Each innocuous cliché uttered by Netanyahu and every routine accolade bestowed on his guest is bound to be viewed with deep suspicion both by the American media and the Democrats in Washington. What is Netanyahu trying to imply when he says that Romney is “a great friend of Israel”? What is he insinuating when his office portrays the Republican candidate as “committed to Israel’s security”? And how obvious can the Israeli prime minister be if he stands next to Romney and nods his head emphatically when the Republican candidate proclaims that as President, he “will never allow a nuclear Iran”?
If Romney goes on to win the elections, of course, Netanyahu’s gamble will pay handsome dividends, especially in a close contest in which Jewish voters in battleground states are perceived to have made all the difference. But if Obama wins – and the current odds are 50-50, no more and no less – Romney’s summer visit will add to the significant reservoirs of ill will that have already accumulated on both sides of the Israeli-American divide. Of course, people in Jerusalem might believe that things can’t get any worse, but in such situations, they usually do.

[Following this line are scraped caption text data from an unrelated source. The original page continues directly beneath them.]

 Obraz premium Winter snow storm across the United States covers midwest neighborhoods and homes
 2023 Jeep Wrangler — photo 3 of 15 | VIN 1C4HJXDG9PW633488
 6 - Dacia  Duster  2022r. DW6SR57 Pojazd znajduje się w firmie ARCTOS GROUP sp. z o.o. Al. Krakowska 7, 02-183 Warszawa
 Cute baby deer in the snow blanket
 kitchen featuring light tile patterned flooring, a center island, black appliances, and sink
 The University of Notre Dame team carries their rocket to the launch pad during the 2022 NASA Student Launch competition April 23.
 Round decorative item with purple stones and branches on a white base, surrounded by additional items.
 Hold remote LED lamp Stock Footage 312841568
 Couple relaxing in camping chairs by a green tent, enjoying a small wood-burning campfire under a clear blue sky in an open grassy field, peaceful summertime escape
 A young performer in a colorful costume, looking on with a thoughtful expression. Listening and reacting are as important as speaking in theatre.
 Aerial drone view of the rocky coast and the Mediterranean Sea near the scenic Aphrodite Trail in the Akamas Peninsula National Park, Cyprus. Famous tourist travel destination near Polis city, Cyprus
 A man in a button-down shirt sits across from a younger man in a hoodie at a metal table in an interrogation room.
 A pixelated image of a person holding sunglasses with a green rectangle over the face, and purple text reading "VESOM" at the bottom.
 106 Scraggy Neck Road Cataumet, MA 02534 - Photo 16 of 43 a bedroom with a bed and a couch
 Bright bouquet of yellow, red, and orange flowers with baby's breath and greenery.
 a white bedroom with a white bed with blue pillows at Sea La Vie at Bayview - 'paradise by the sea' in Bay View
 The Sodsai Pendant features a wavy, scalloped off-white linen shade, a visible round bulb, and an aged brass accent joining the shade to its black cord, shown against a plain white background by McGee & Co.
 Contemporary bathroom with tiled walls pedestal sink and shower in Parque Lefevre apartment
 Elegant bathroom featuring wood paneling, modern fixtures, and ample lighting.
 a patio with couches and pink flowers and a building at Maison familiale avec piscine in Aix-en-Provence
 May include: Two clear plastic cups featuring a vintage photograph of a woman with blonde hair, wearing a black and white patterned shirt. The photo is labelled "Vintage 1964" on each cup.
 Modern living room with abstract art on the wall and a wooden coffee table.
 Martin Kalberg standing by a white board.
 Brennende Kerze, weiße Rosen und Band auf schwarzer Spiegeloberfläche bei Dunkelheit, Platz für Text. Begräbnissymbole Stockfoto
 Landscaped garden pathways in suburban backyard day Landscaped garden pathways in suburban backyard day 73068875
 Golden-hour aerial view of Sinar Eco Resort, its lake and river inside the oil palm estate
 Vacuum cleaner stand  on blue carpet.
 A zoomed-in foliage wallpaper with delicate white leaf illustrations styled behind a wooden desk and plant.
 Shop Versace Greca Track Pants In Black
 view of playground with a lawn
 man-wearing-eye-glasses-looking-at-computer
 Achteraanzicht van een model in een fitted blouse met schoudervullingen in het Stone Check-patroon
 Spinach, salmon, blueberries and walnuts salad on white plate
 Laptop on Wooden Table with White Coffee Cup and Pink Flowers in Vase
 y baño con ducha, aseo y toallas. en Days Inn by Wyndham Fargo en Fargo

But all of these considerations might be superseded in the next few days by an Israeli coalition that seems to be spinning out of control over the issue of enlistment of the ultra-Orthodox, and by the time Romney arrives, early elections might be in the offing. In that case, in a flight of fantasy, the two BFFs from their youthful days in the Boston Consulting Group might create a dynamic duo that campaigns together, from Eilat to Atlanta, from Des Moines to Dimona. Netanyahu can’t be a candidate for vice president, but who knows, maybe Romney will make both of their dreams come true by asking Netanyahu to stand in for him in the presidential debates in October.